Урания – древнегреческая муза астрономии, одна из девяти муз, дочерей бога Зевса и титаниды Мнемозины. Девушка с глобусом и указательной палочкой в руке, так её представляли.
Мнемозина олицетворяет память, титанида, дочь Урана и Геи (либо Зевса и Климены).


Девушка с глобусом и лист календаря дали повод вспомнить (Мнемозины работа) стихотворение Иосифа Бродского «К Урании». Сначала дата.


1940, 24 мая — в Ленинграде, в клинике профессора Тура на Выборгской стороне родился Иосиф Александрович Бродский. 84 года исполнилось бы сегодня Иосифу. Семь циклов Юпитера. Урания рядом.


Муза астрономии явилась в упомянутом стихотворении датированном 1981 годом.


Пустота раздвигается, как портьера.
Да и что вообще есть пространство, если
не отсутствие в каждой точке тела?
Оттого-то Урания старше Клио.


Изыскания в податливом пространстве Интернета проясняют – ударение следует ставить на "о". Муза истории. Клеос переводится как слава. Чтобы остаться в памяти и попасть в историю, надо прославиться.


Слово клеос связано со словом «слышать» или «то, что другие слышат о вас». Греческий герой зарабатывает kleos через совершение великих дел.
Смутно упоминаются источники, в которых греческое kleos происходит от чего-то протоиндоевропейского той поры, когда у людей не было понятия о продолжении личности после жизни, можно было только надеяться лишь достичь «славы, которая не распадется».


Любопытный фрагмент подбираю, отряхивая, как обрывок из протопыли:
«Во вселенной, где безличная материя вечна, а личное «Я» гаснет при смерти, выжить можно только обратив «Я» в слух или репутацию. Человек жаждал бессмертия – состояния богов, противоположное человеческому существованию, и это состояние полностью зависело от поэтов и поэзии».

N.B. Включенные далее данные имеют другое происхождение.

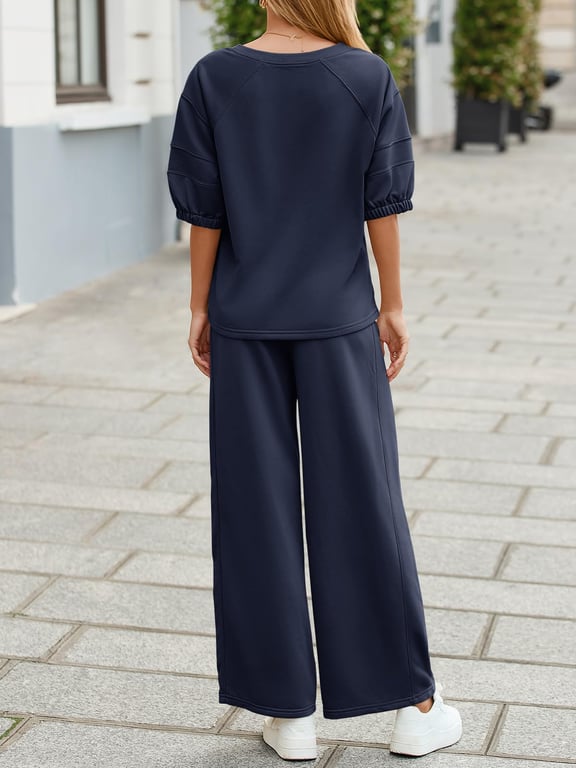Women's 2 Piece Wide Leg Tracksuit Set | V Neck Casual Workout thumbnail 5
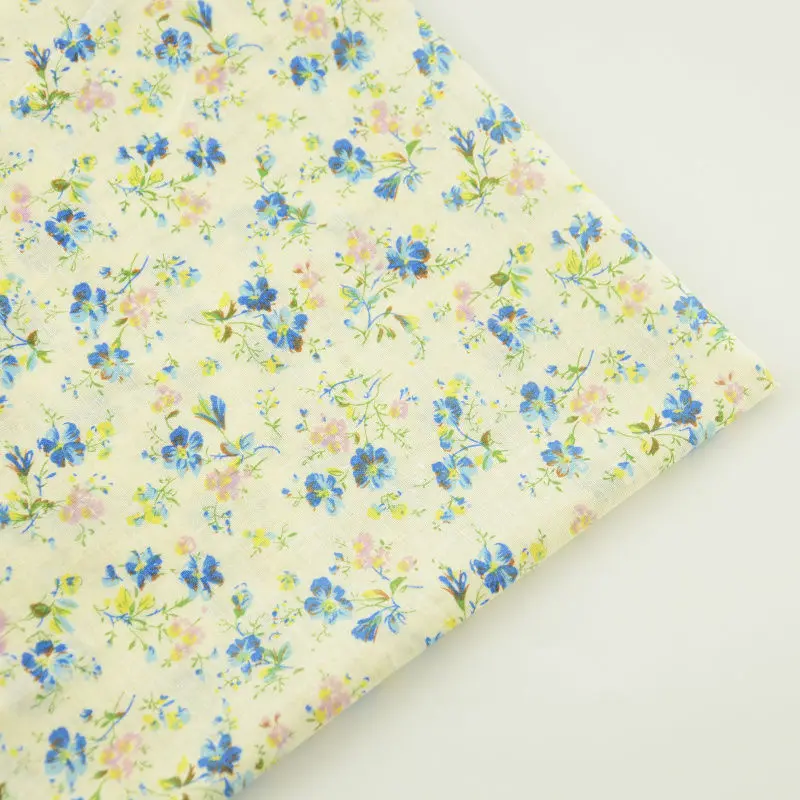 New Arrival Light Yellow 100% Cotton Plain Fabric Lovely Blue Flower For Beginner's Practice Curtain Pillow Tilda Doll Patchwork | Дом и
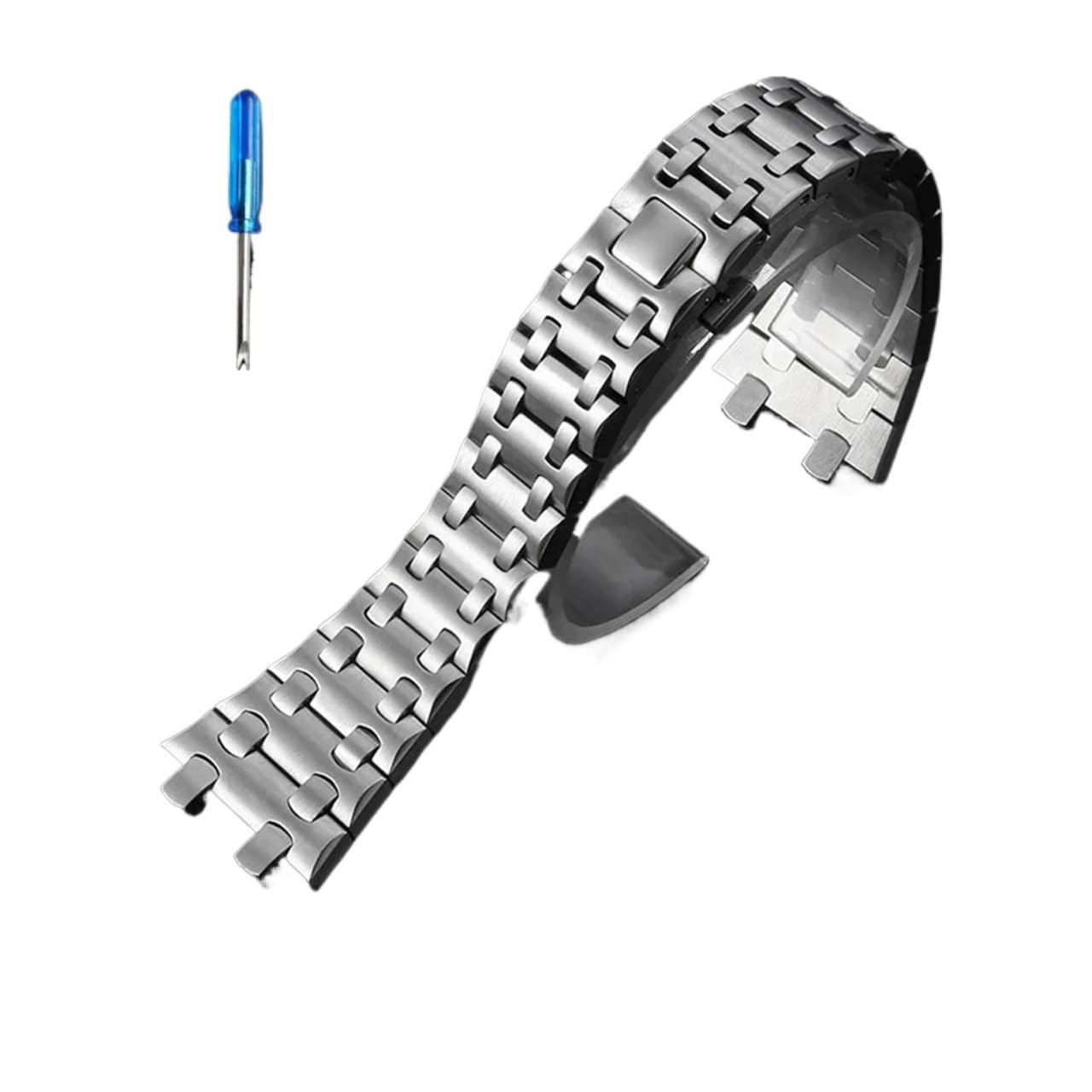 Genérico Correa de reloj de acero inoxidable de 28 mm compatible con AP15710 AP26470 Audemars Piguet Royal Oak Correa de reloj for hombre Accesorios de pulsera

Вот оно! Поэты и поэзия! Жаждал ли Бродский бессмертия, неизвестно, но как поэт он сделал достаточно, чтобы, мир живых оставив, в памяти живущих пребывать.


«К Урании» посвящено И.К. Кто таков (такова) И.К., мне установить не удалось. Чем знаменателен год 1981 для Бродского?


В течение первых пяти месяцев стипендиат Американской академии в Риме. Начало дружбы с итальянским историком Бенедеттой Кравери, ей посвящены «Римские элегии».


Апрель – знакомство со слависткой Аннелизой Аллева на кафедре славянской филологии Римского университета. Дамы в личной истории Иосифа значимы, но это тема особая.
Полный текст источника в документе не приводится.